**What to work on**
Reproduce exactly the first line of the material below and every line after it, ending with the line that contains "White v neck tulle lace prom dress". No pictures should be copied.

**Provided information**
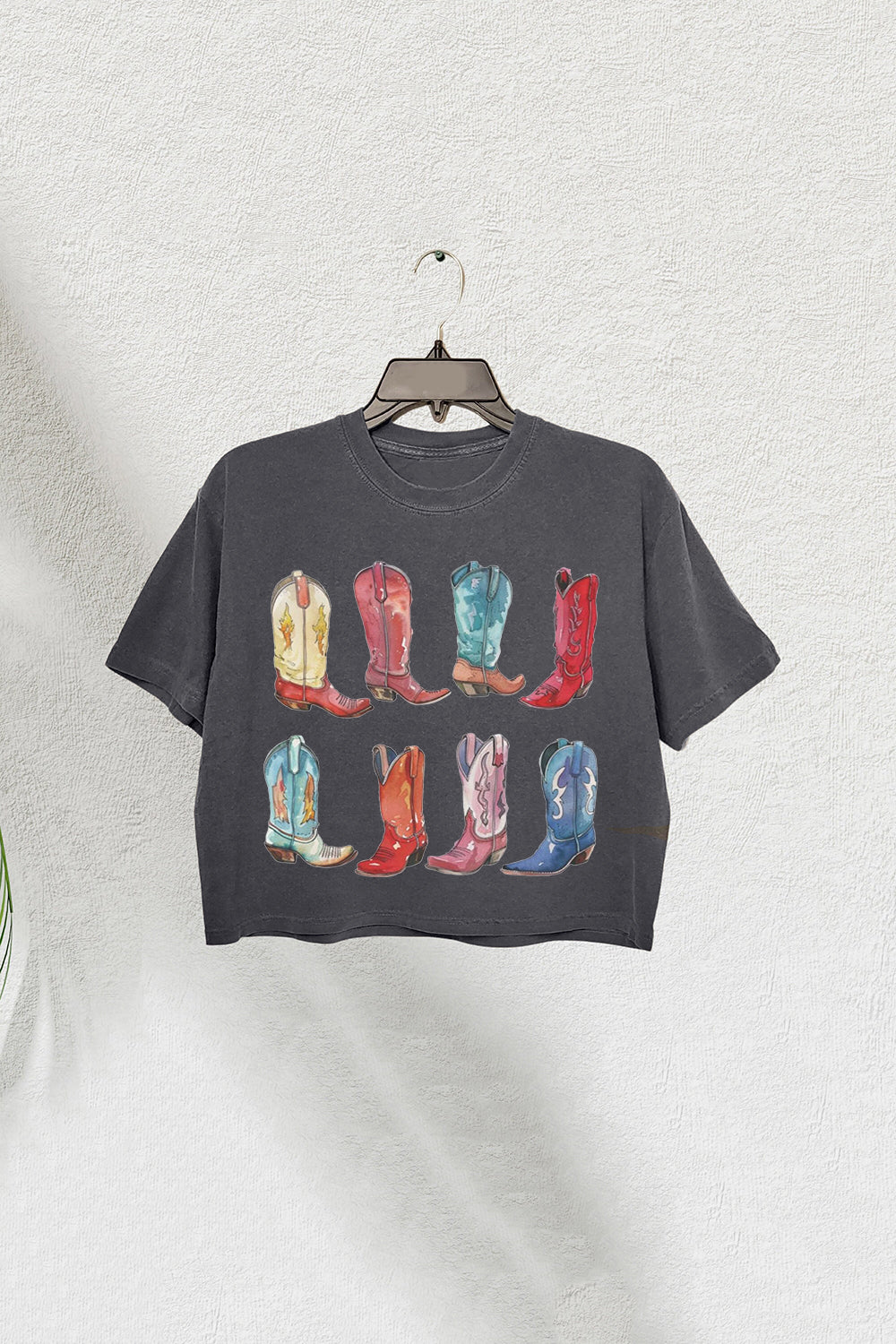 Cowgirl Graphic Western Boots Crop Tee For Women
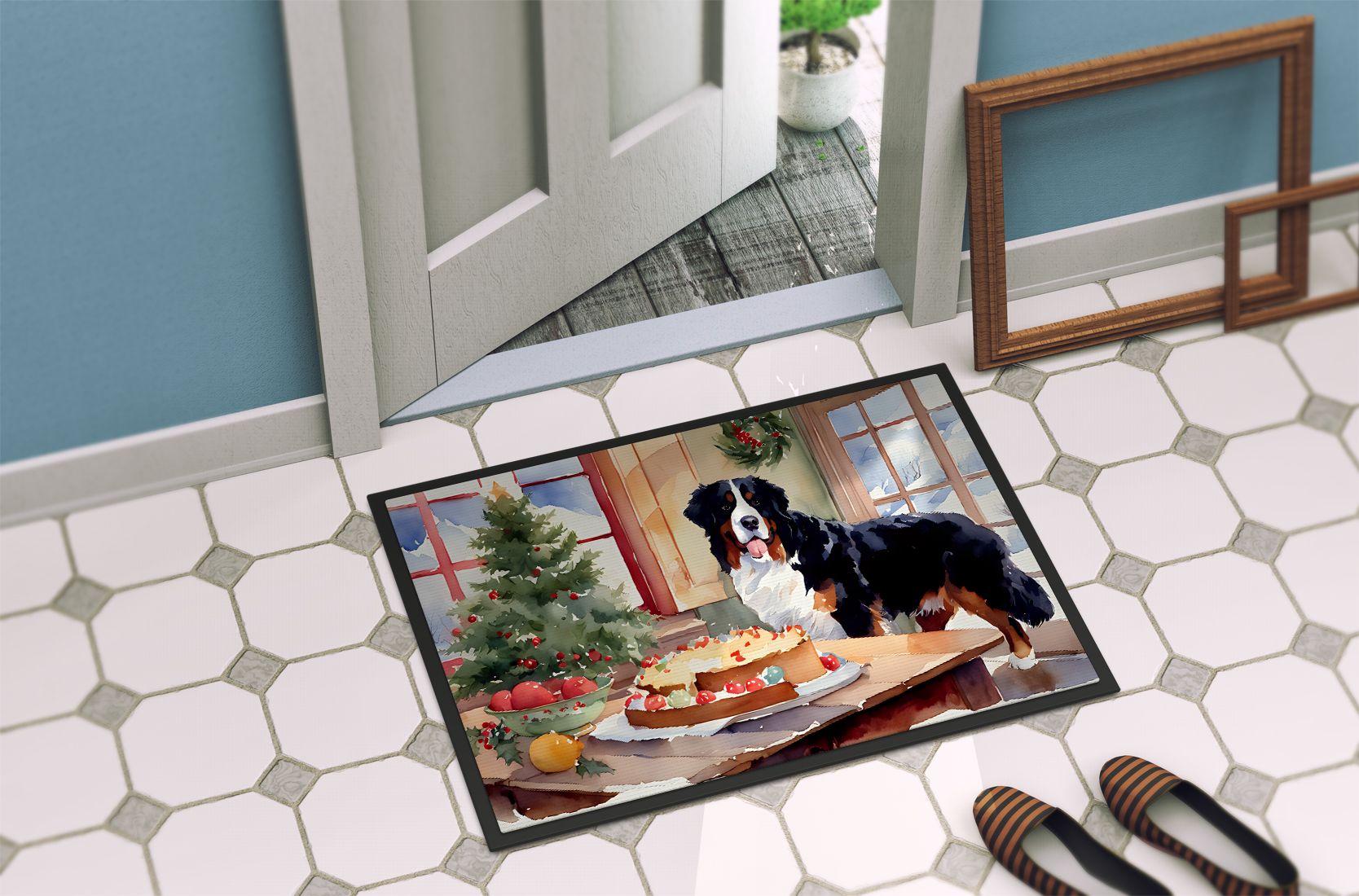 Bernese Mountain Dog Christmas Cookies Entryway Doormat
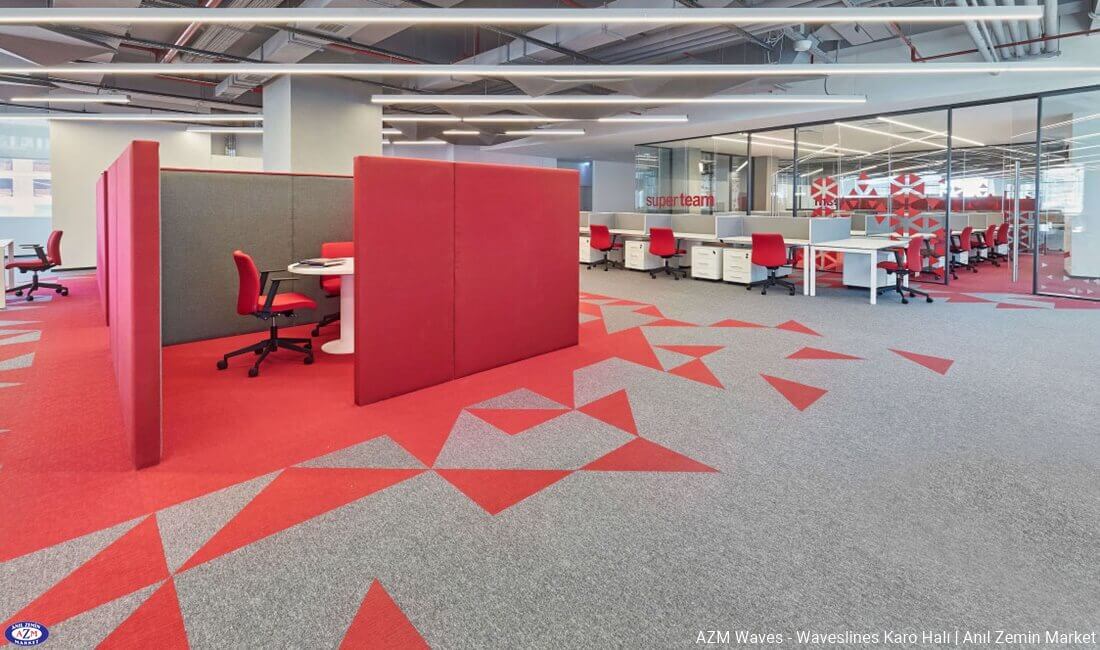 AZM waves waveslines 50x50cm polyamid iplikli ofis karo halı1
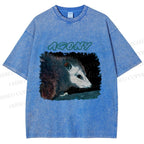 Unisex Agony Opossum Printed Washed Tee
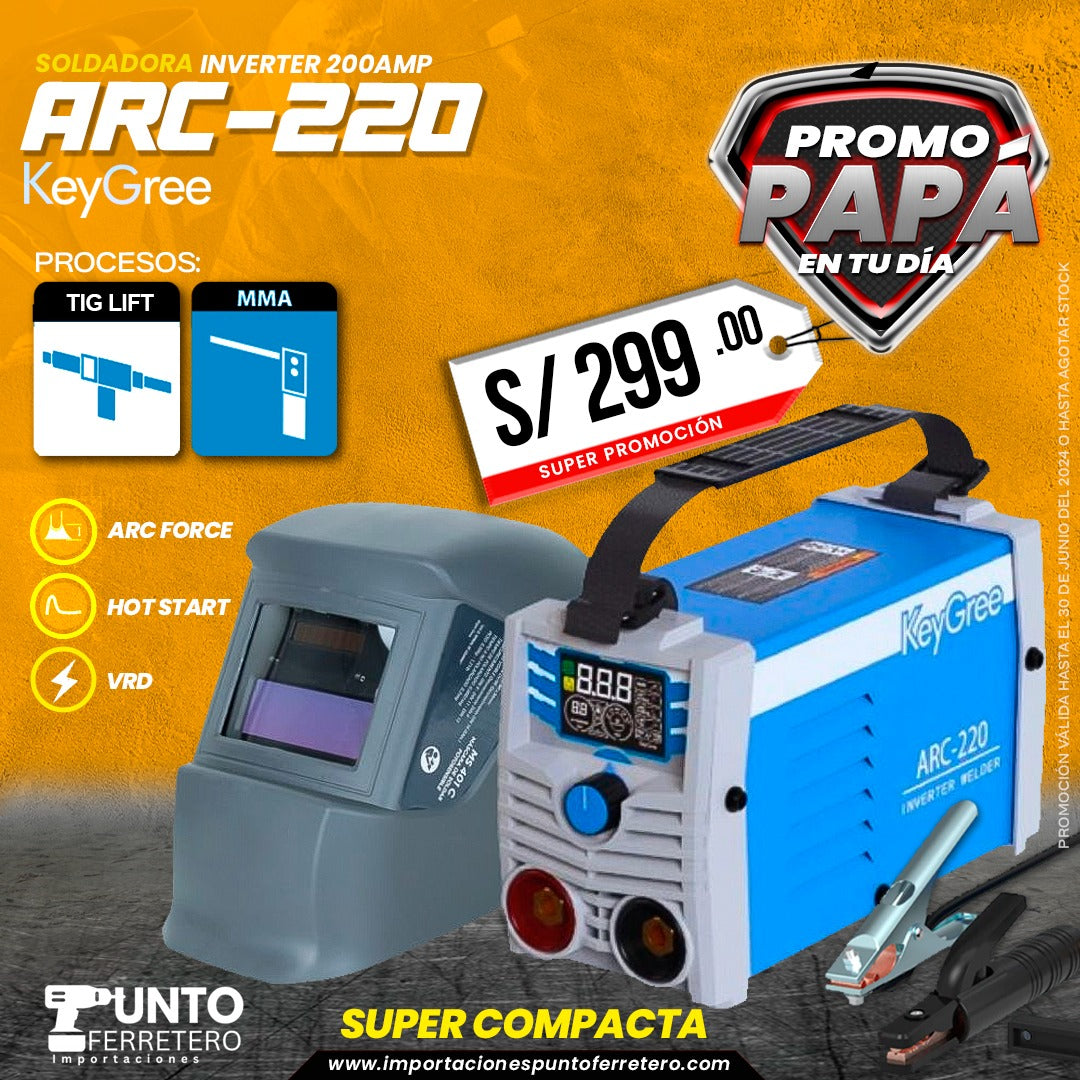 maquina de soldar mma ,tig lift 200 amperios key greem + mascara 2 sensores
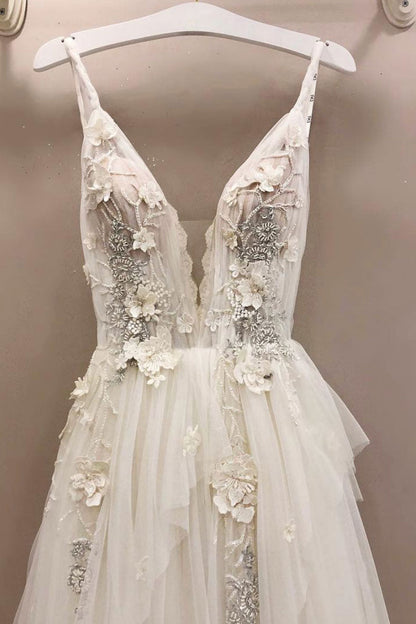 White v neck tulle lace prom dress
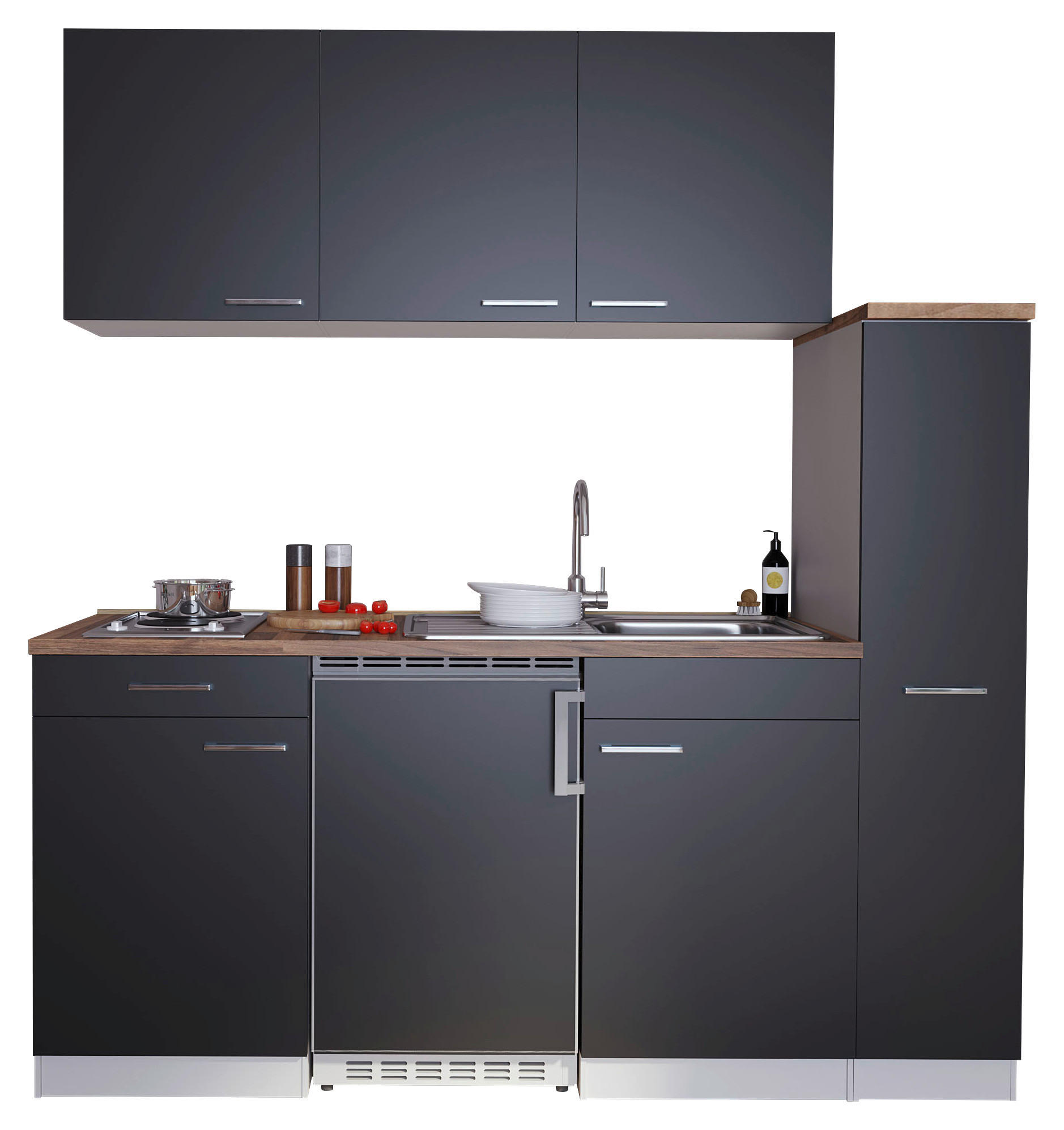 KÜCHENBLOCK 180 cm in Schwarz - Nussbaumfarben/Alufarben, Basics, Holzwerkstoff/Kunststoff (180cm) - Respekta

**Result of this exercise**
 Cowgirl Graphic Western Boots Crop Tee For Women
 Bernese Mountain Dog Christmas Cookies Entryway Doormat
 AZM waves waveslines 50x50cm polyamid iplikli ofis karo halı1
 Unisex Agony Opossum Printed Washed Tee
 maquina de soldar mma ,tig lift 200 amperios key greem + mascara 2 sensores
 White v neck tulle lace prom dress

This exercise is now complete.